Author : Dr. Angell O. de la Sierra Publisher : Trafford Publishing Page : 743 pages File Size : 47,8 Mb Release : 2012-08-15 Category : Reference ISBN : 9781466948990
Treatise on the Neurophilosophy of Consciousness by Dr. Angell O. de la Sierra Pdf
I would like to invite all those studious of the mind/brain interface puzzle to share our insights. What follows represents an ongoing series of reflections on the ontology of consciousness based on some intuitions on life, language acquisition and survival strategies to accommodate the biological, psychic and social imperatives of human life in its ecological niche, thus the BPS model.
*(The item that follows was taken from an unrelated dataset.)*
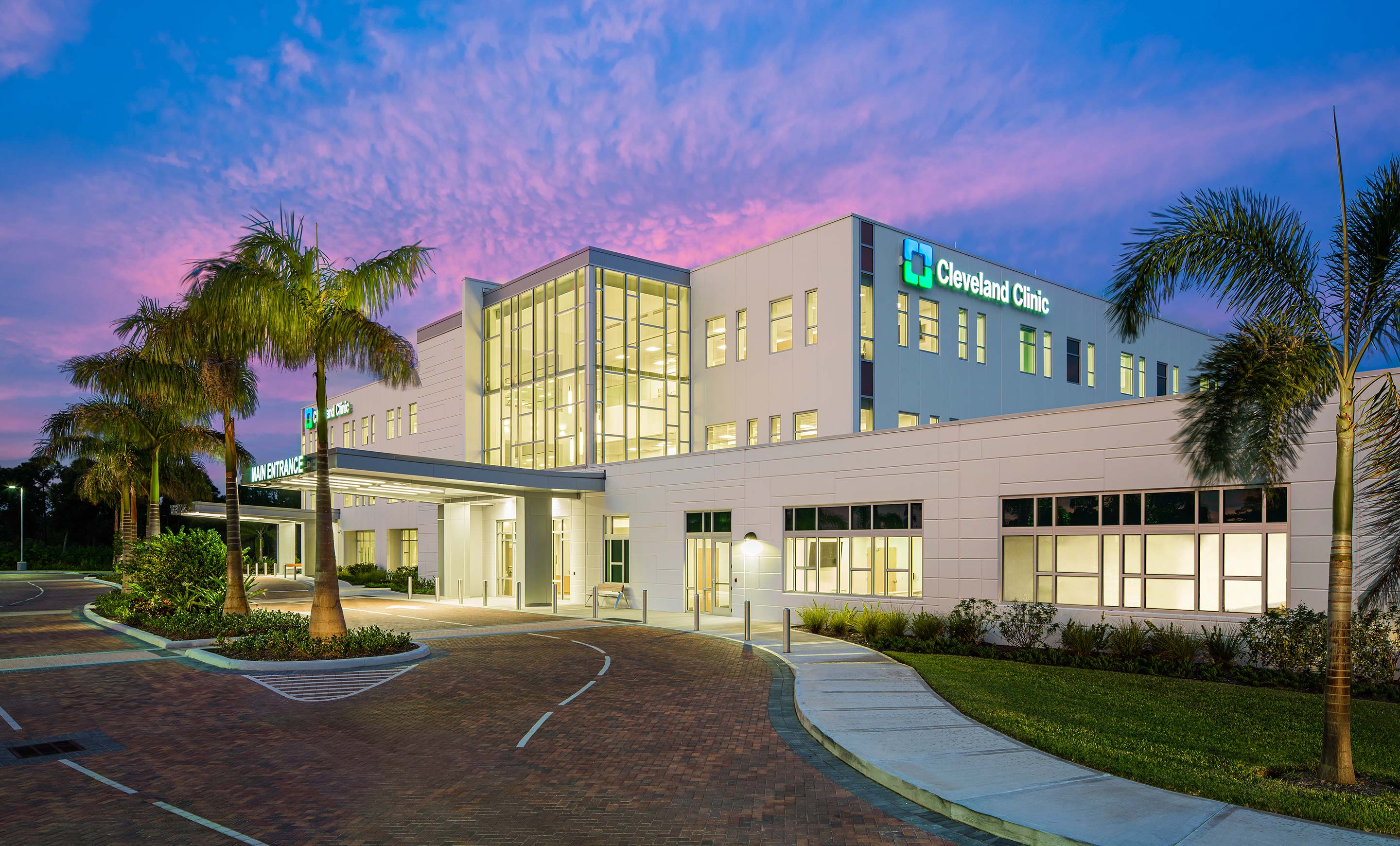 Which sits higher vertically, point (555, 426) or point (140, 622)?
point (555, 426)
For the latest publication click on BPS Model. http://www.delaSierra-Sheffer.net/ID-Neurophilo-net/index.htm
Consciousness, Function, and Representation by Ned Joel Block Pdf
The first of a planned two-volume collection of Ned Block's writings on philosophy of mind; this volume treats consciousness, functionalism, and representation and can be regarded as Block's most complete statement of his positions on consciousness.